Reproduce word for word the lines between those holding "Ingredientes para salmón en papillote" and "1910-30 LODGE MEMBERS", inclusive, and nothing else from the data below.

Data to examine:
=== Begin Enclosure ===

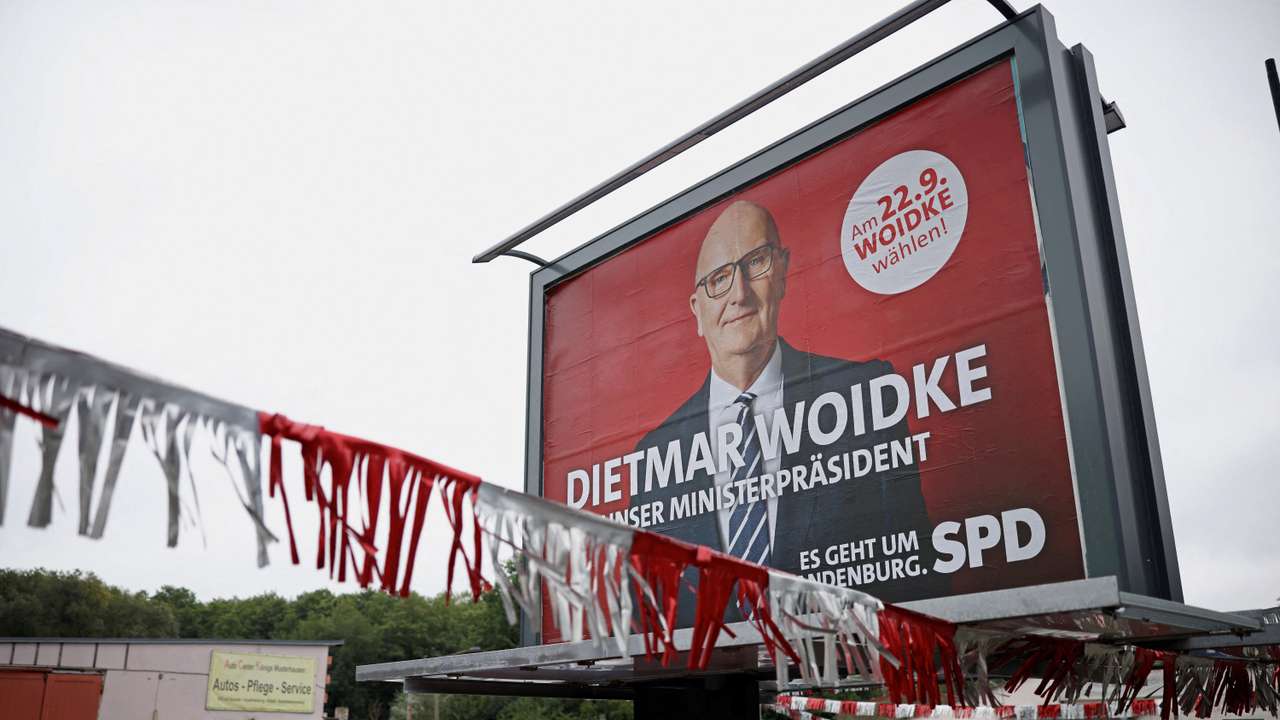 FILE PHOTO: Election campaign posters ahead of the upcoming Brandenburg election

=== End Enclosure ===
=== Begin Enclosure ===

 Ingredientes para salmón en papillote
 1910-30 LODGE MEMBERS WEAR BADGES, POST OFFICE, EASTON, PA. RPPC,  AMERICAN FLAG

=== End Enclosure ===
=== Begin Enclosure ===

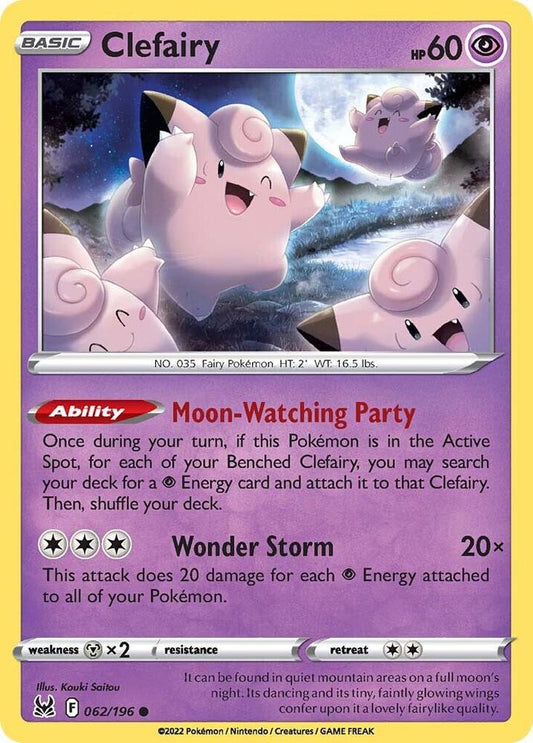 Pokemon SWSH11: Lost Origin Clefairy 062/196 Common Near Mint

=== End Enclosure ===

Result of the task:
 Ingredientes para salmón en papillote
 1910-30 LODGE MEMBERS WEAR BADGES, POST OFFICE, EASTON, PA. RPPC,  AMERICAN FLAG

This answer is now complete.